The first of five men to be tried in the 2010 fatal beating of Divyendu Sinha was convicted of lesser charges but was found not guilty of murder.
As the verdict was read in Middlesex County Superior Court in New Brunswick, N.J., on May 7, Alka Sinha, the wife of Divyendu Sinha, broke down in tears and her teenage sons tried to console her, a friend present at the court told Desi Talk. She is distraught over the verdict, Gaurang Vaishnav added.
About 20 community members were present with the Sinha family when the verdict was read, Vaishnav said. They occupied the first two rows as they have done over the last several weeks.
Steven Contreras, 20, who was described as the “master of ceremonies” by prosecutors was found guilty of conspiracy, aggravated assault and hindering the apprehension of the others. Prosecutors said he drove his four friends around June 25 night in Old Bridge, N.J., when they attacked the Sinha family, punching and kicking Divyendu Sinha and attacking his teen sons.
In fact, in his video-taped deposition to investigators, played in court during the trial in the last week of April, Contreras admitted to driving Julian Daley, Cash Johnson, Christopher Conway and Christian Tinli to the spot just yards away from the Sinha home on Fela Drive in Old Bridge, where the family was taking an after-dinner stroll. He also told investigators that the four were looking “to f--- up somebody up” that night and spotted the “three dudes and a chick,” referring to the Sinha family.
Contreras’ lawyer Hassan Abdullah argued during the trial that his client had not physically touched any of the victims. But Middlesex County Assistant Prosecutor Christopher Kuberiet argued Contreras knew what the four friends wanted to do and drove them to the fight, thus becoming an accomplice in the beating death.
The jury, which took four days to deliberate, could not reach a consensus on the count of reckless manslaughter, The Star-Ledger reported. Prosecutors have to decide if they will retry Contreras on that count.
“On behalf of the Sinha family we are disappointed that Mr. Contreras was not convicted of murder. He drove around these culprits. However, the jury has spoken and we have full faith in the judicial system,” Vaishnav was quoted as saying in the Star-Ledger.

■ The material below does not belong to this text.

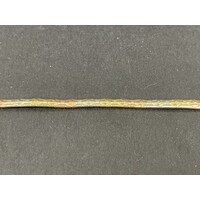 Ladies 14ct Three Tone Gold Snake Link Bracelet (Pre-Owned)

Contreras was found guilty of six charges – third degree conspiracy to commit aggravated assault; third degree aggravated assault in the attempted beating of another man, Anthony Martino, before the Sinha beating; conspiracy to commit riot in the Sinha case; third degree aggravated assault on older son Aashish Sinha; riot; and hindering apprehension of the other four defendants.
He was found not guilty of murder and aggravated manslaughter, the most serious of all the charges; not guilty of second degree conspiracy to commit aggravated assault in both Sinha and Martino cases; criminal mischief involving damage to Martino’s car; and second degree aggravated assault on Aashish and Ravi Sinha.
The other four defendants face the same charges. A sentencing date has not been set for Contreras because the prosecutor’s office has to decide on whether to retry Contreras on the charge of reckless manslaughter on which the jury could not reach a decision.
Kuberiet is quoted as saying in the Star-Ledger that he would consult with the Sinha family and prosecutor Bruce Kaplan on the matter.
Contreras’ attorney Abdullah is quoted as saying that while the Contreras family was glad with the verdict, “they are not gloating” and that it was possible that down the road, Mrs. Contreras might meet Mrs. Sinha.
“That is an absolutely ridiculous statement. It is like putting salt on the wound,” Vaishnav told Desi Talk.
After the Contreras verdict, Vaishnav and some 15 other Indian-Americans accompanied the Sinha family to their residence. “We stayed there four or five hours to just make sure and support her and the family,” he said.